- _WHAT YOU WILL DO_
Could you print the entries below exactly, starting at the line that contains "Dr. Óscar Polanco" and stopping after the last one?

"""

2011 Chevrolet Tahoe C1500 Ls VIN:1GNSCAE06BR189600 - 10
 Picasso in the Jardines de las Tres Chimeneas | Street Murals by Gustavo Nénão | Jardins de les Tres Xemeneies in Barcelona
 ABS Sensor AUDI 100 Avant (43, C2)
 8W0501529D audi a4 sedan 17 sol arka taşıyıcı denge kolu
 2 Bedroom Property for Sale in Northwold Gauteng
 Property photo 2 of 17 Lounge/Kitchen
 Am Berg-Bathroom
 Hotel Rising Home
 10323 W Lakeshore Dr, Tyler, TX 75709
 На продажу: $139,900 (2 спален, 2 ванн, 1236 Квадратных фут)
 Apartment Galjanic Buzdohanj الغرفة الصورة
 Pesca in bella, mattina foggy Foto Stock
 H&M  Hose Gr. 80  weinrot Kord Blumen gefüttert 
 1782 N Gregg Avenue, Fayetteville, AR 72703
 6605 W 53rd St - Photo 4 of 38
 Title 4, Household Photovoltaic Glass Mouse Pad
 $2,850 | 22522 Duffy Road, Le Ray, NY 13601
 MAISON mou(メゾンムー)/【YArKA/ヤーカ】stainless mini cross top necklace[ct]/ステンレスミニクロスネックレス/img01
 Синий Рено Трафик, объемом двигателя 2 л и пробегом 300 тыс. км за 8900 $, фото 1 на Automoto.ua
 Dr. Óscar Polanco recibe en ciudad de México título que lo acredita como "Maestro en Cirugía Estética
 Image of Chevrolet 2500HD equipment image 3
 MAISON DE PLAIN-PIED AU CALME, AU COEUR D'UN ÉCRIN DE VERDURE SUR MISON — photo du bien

"""

- _SOLUTION TO THIS PROBLEM_
 Dr. Óscar Polanco recibe en ciudad de México título que lo acredita como "Maestro en Cirugía Estética
 Image of Chevrolet 2500HD equipment image 3
 MAISON DE PLAIN-PIED AU CALME, AU COEUR D'UN ÉCRIN DE VERDURE SUR MISON — photo du bien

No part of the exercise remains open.